Ces réalisations témoignent d'une vision stratégique de long terme. Elles traduisent une volonté constante d'investir dans les infrastructures, les territoires et le capital humain afin de préparer le Royaume aux défis du XXIᵉ siècle.

Naturellement, tout n'est pas parfait.

Le chômage des jeunes, les inégalités sociales, la qualité de certains services publics, les écarts entre régions ou encore les effets des changements climatiques continuent d'exiger des réponses plus ambitieuses.
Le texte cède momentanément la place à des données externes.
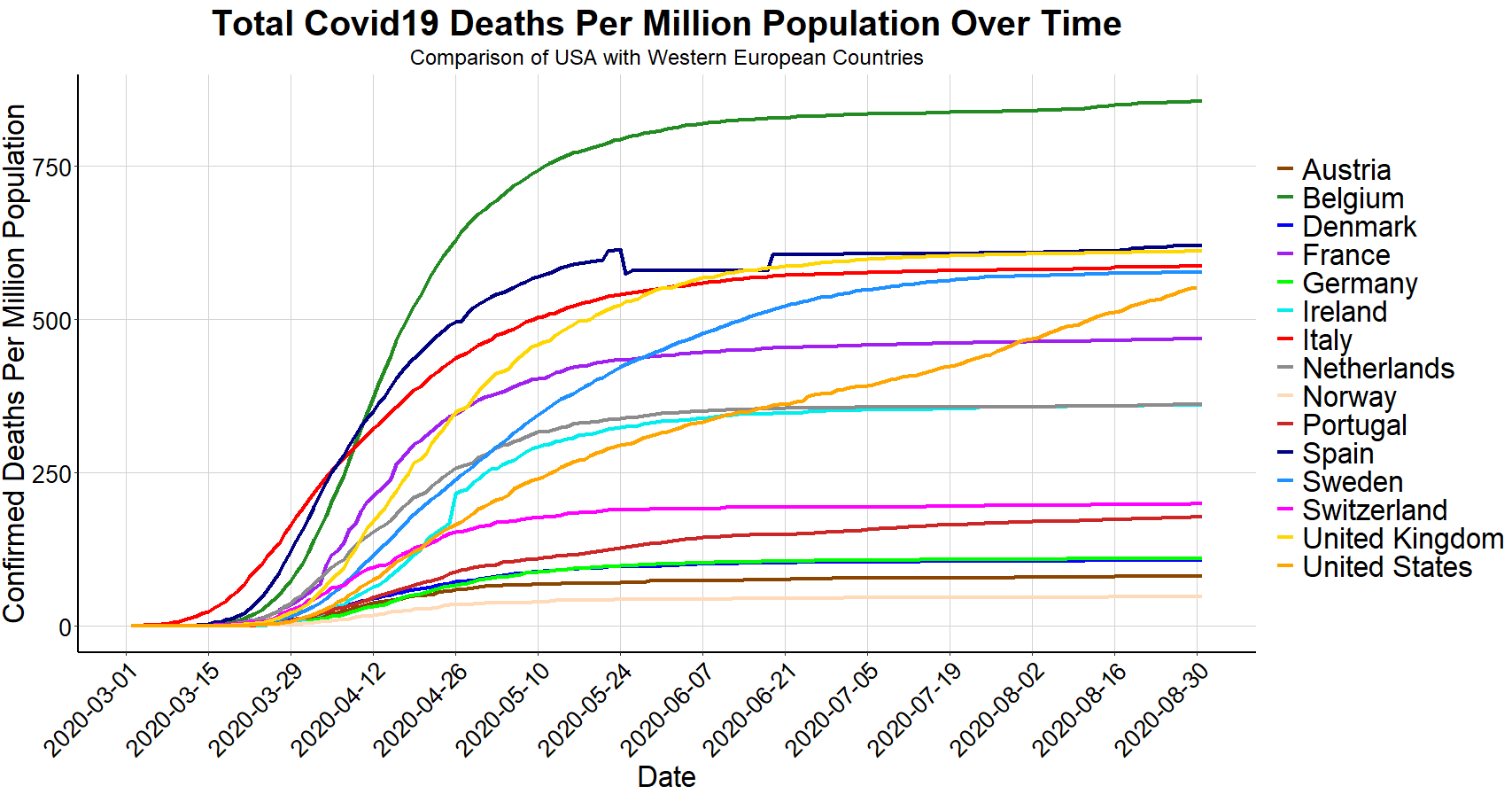 plot of chunk unnamed-chunk-4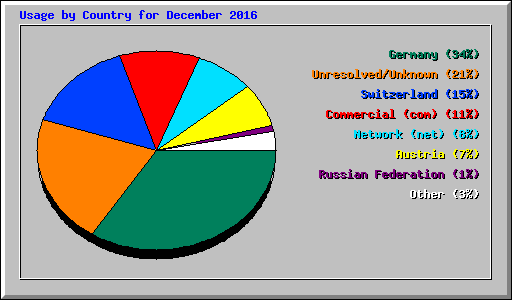 Usage by Country for December 2016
Les performances enregistrées ne doivent donc pas conduire à l'autosatisfaction mais plutôt servir de fondation pour accélérer les réformes.

Vingt-sept ans après l'accession au Trône de Sa Majesté le Roi Mohammed VI, le constat demeure néanmoins clair : le Maroc n'est plus celui de 1999. Sa taille économique, ses infrastructures, son système de protection sociale, son appareil industriel et son rayonnement régional ont profondément évolué.

L'histoire retiendra probablement cette période comme celle où le Royaume a cessé d'être un pays en développement parmi d'autres pour devenir un acteur régional incontournable, capable de concevoir et de conduire des projets de dimension mondiale.

Le véritable défi des prochaines décennies sera désormais de transformer cette montée en puissance en prospérité partagée, afin que chaque Marocain bénéficie pleinement de ce changement d'échelle.